In [10]:
import pandas as pd
import glob
import os
import matplotlib.pyplot as plt

In [11]:
folder_path = "../data/"

file_paths = sorted(glob.glob(os.path.join(folder_path, "result*.txt")))

all_data = []

for file_path in file_paths:
    df = pd.read_csv(
        file_path,
        comment="#",
        header=None,
        names=["station", "date", "temperature"],
        na_values=[" ", "", "NaN"]
    )
    #Convert to numeric
    df["temperature"] = pd.to_numeric(df["temperature"], errors="coerce")
    # Only keep valid rows
    df = df.dropna(subset=["temperature"])
    #Convert to degrees Celsius
    df["temperature"] = df["temperature"] / 10.0
    # Convert date to string and extract YYYYMM
    df["date"] = df["date"].astype(str)
    df["year_month"] = df["date"].str[:4] + "-" + df["date"].str[4:6]
    df["day"] = df["date"].str[:8]

    all_data.append(df)

# Combine all data
combined = pd.concat(all_data)

#Average over all stations
daily_avg = combined.groupby("day")["temperature"].mean().reset_index()

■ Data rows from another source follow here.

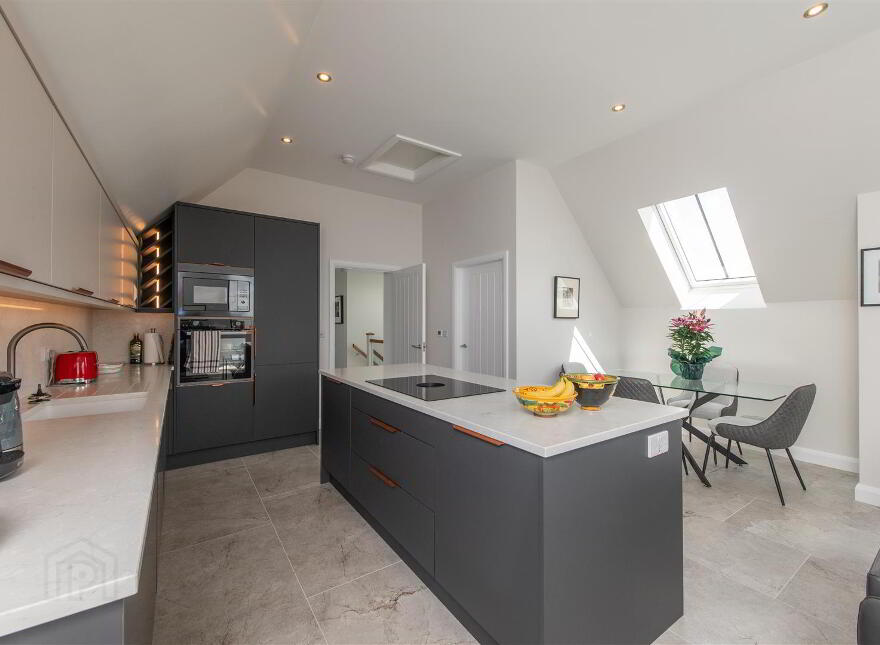 Apartment 5 Coastguard Apartments, Ferry Quarter View, Strangford, BT30 7GT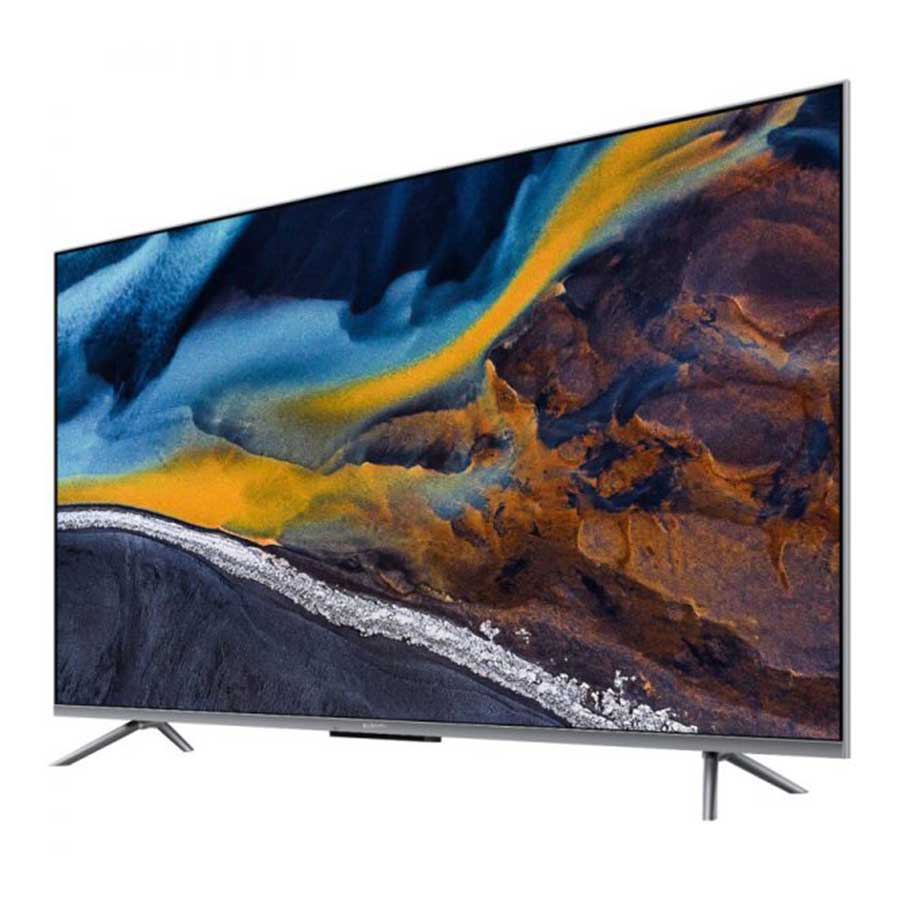 تلویزیون هوشمند 55 اینچ شیائومی مدل Mi QLED TV Q2 55 L55M7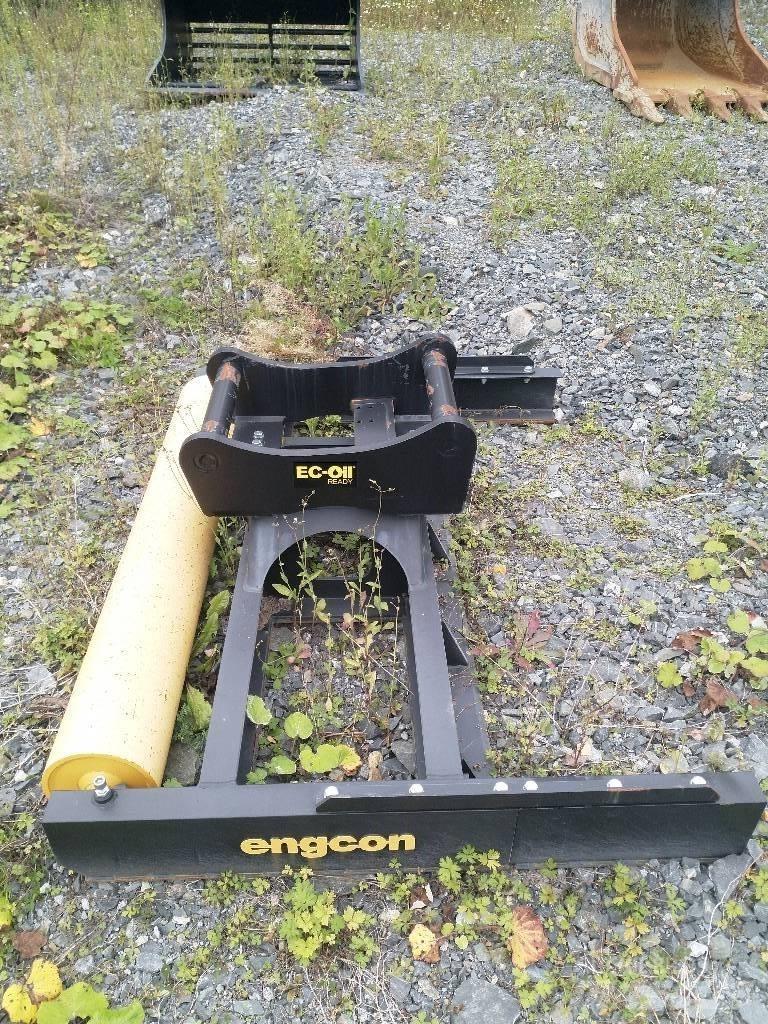 Engcon GRB2000QS70 기타 부품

daily_avg["year_month"] = daily_avg["day"].str[:4] + "-" + df["date"].str[4:6]

#Average over all days
monthly_avg = daily_avg.groupby("year_month")["temperature"].mean().reset_index()

#Save
output_path = os.path.join(folder_path, "monthly_national_avg_wind_speed.csv")
monthly_avg.to_csv(output_path, index=False)

print(f"Saved monthly averages to: {output_path}")

Saved monthly averages to: ../data/monthly_national_avg_wind_speed.csv


In [15]:
folder_path = ""
output_path = os.path.join(folder_path, "monthly_national_avg_wind_speed.csv")
monthly_avg.to_csv(output_path, index=False)


In [12]:
%matplotlib inline

In [13]:
df = pd.read_csv("../data/monthly_national_avg_wind_speed.csv")


df["year_month"] = pd.to_datetime(df["year_month"], format="%Y%m")


plt.figure(figsize=(12, 6))
plt.plot(df["year_month"], df["temperature"], marker='o', linestyle='-')


plt.title("Monthly Average Wind Speed in the Netherlands (2014–2025)", fontsize=14)
plt.xlabel("Month", fontsize=12)
plt.ylabel("Temperature (°C)", fontsize=12)
plt.grid(True)
plt.tight_layout()

plt.show()

ValueError: time data "2014-01" doesn't match format "%Y%m", at position 0. You might want to try:
    - passing `format` if your strings have a consistent format;
    - passing `format='ISO8601'` if your strings are all ISO8601 but not necessarily in exactly the same format;
    - passing `format='mixed'`, and the format will be inferred for each element individually. You might want to use `dayfirst` alongside this.